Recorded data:

══════════════════════════════

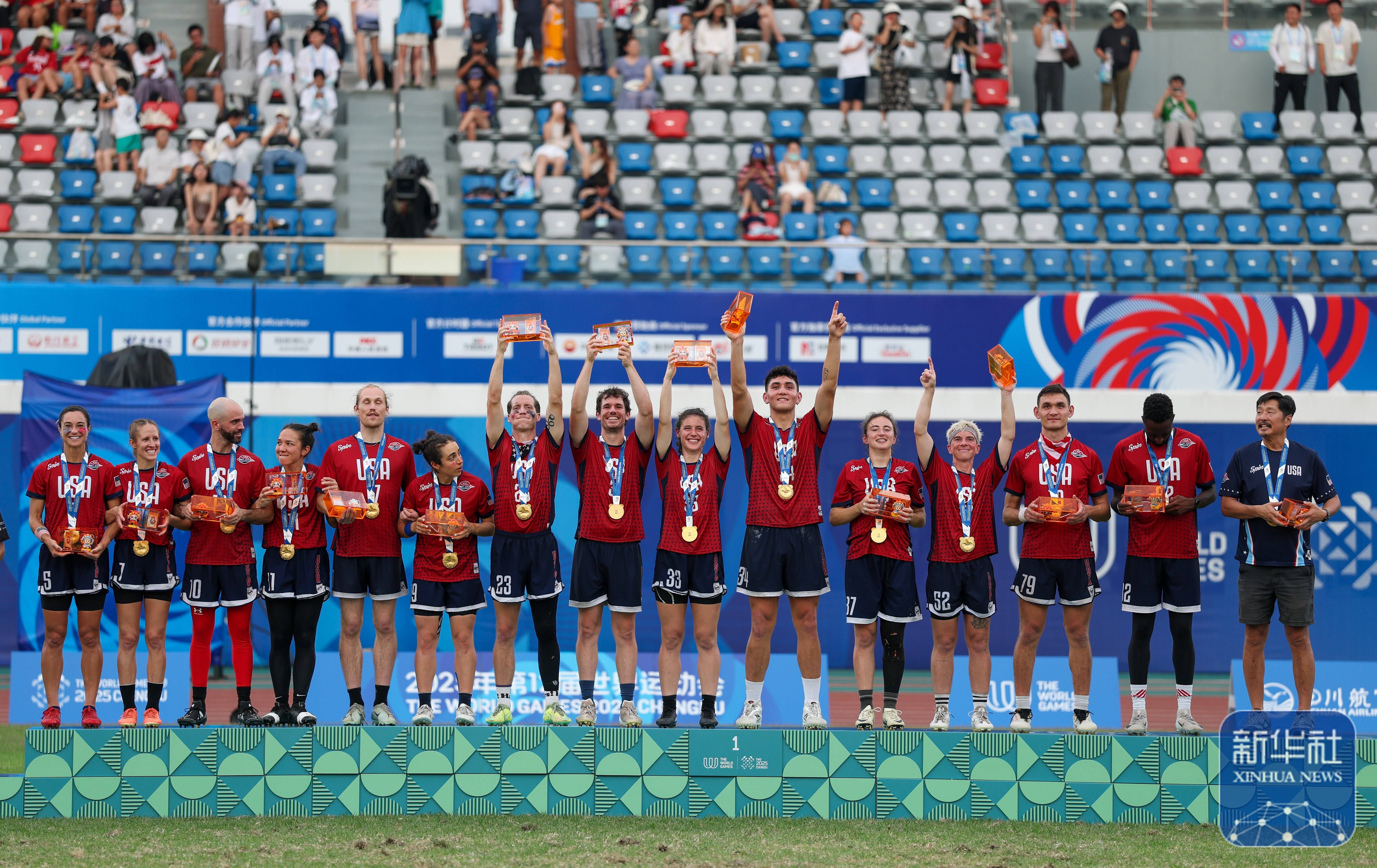 加拿大运动员在自行车比赛中斩获金牌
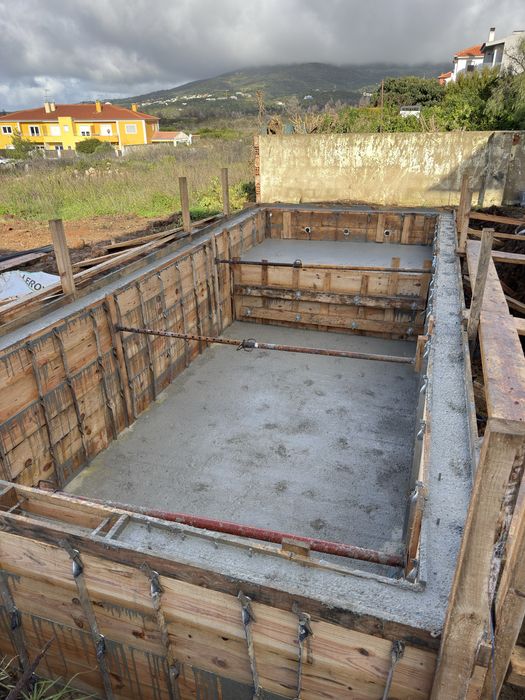 Cofragem e armação de ferro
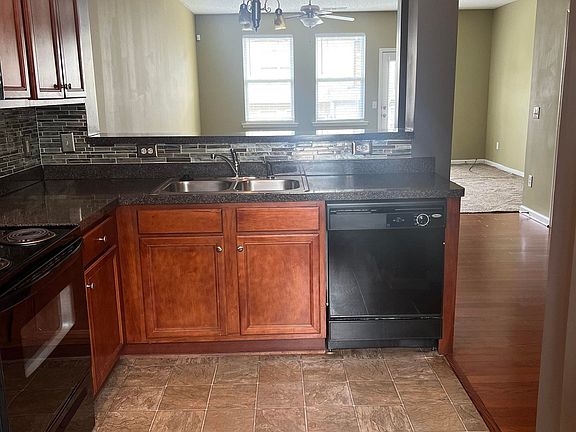 4th image of 1932 Bayrose Cir #32B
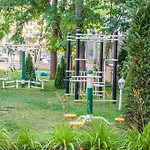 Venera & Anastasia Palace *
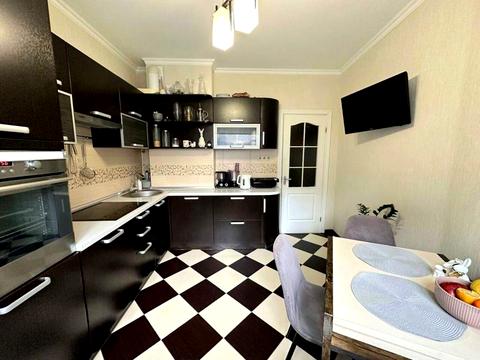 квартира за адресою Драгоманова вул., 6/1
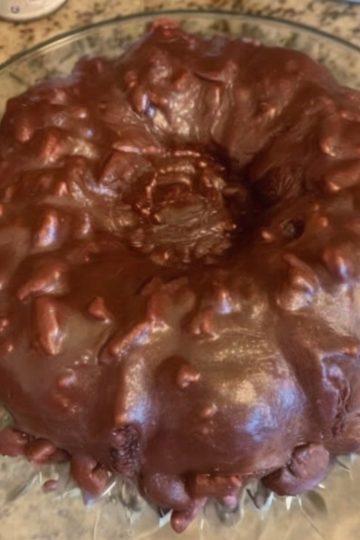 Nestle Toll House Death by Chocolate Cake\ Ultra-rich, moist chocolate cake packed with melty chocolate chips.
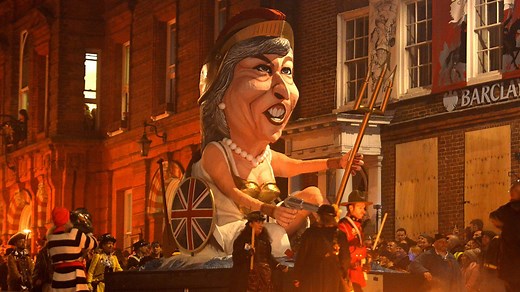 BBC Arts - BBC Arts - Blazing a trail: Why 80,000 watch the Lewes Bonfire spectacle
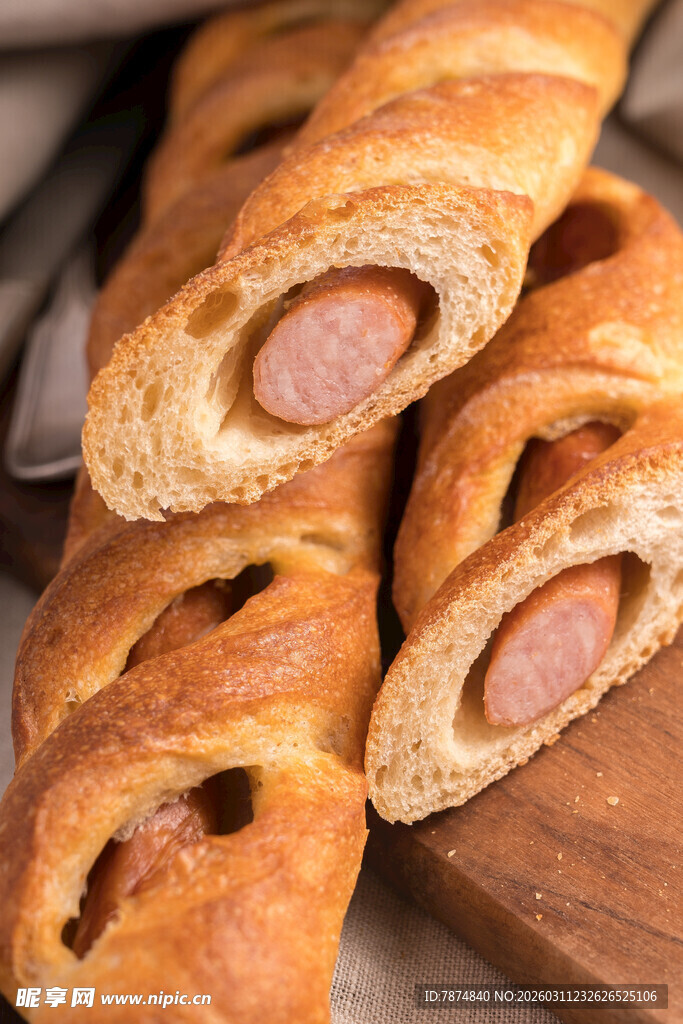 香肠面包卷堆叠展示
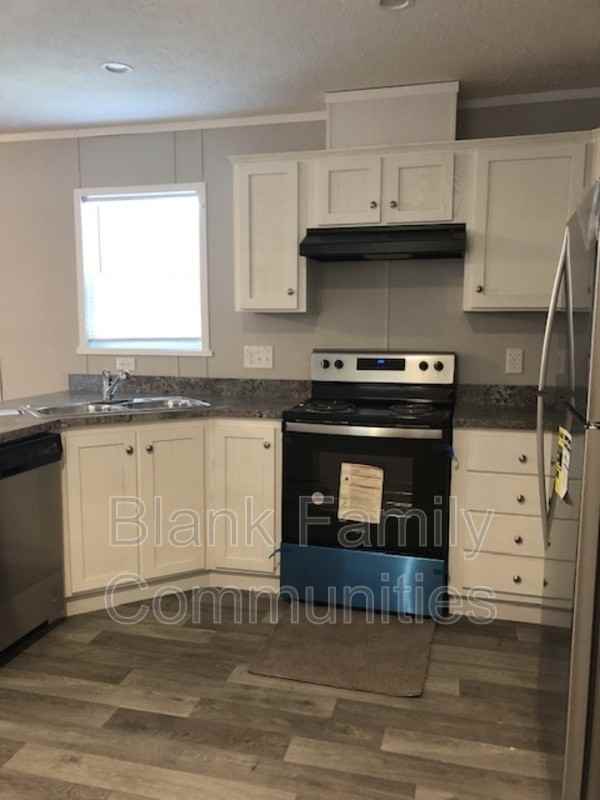 3000 Moxadarla Rd., ZANESVILLE, OH 43701 - Photo 3 of 5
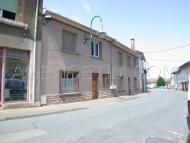 Dans le village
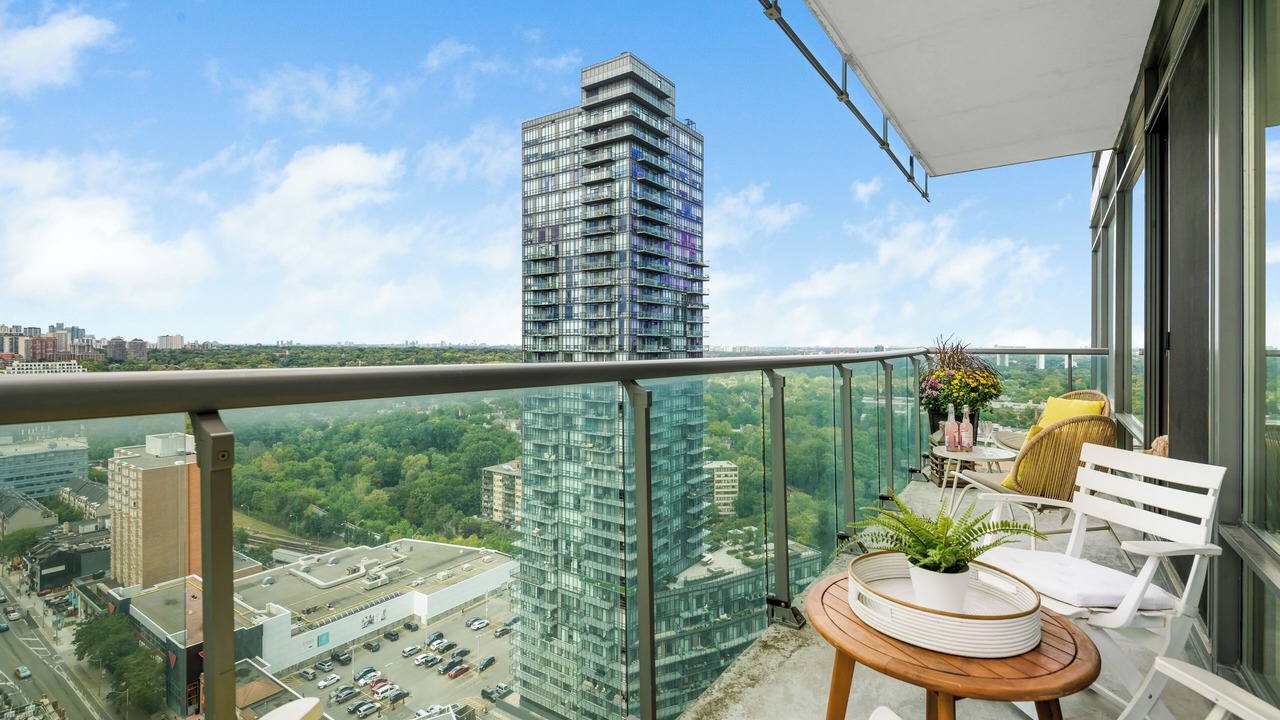 Photo of Outdoor in Yorkville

══════════════════════════════

# Assignment
Please set down only the lines from the one containing "квартира за адресою Драгоманова вул., 6/1" through the end of the entries, exactly as they stand, both ends included and with no pictures.

# Final answer
 квартира за адресою Драгоманова вул., 6/1
 Nestle Toll House Death by Chocolate Cake\ Ultra-rich, moist chocolate cake packed with melty chocolate chips.
 BBC Arts - BBC Arts - Blazing a trail: Why 80,000 watch the Lewes Bonfire spectacle
 香肠面包卷堆叠展示
 3000 Moxadarla Rd., ZANESVILLE, OH 43701 - Photo 3 of 5
 Dans le village
 Photo of Outdoor in Yorkville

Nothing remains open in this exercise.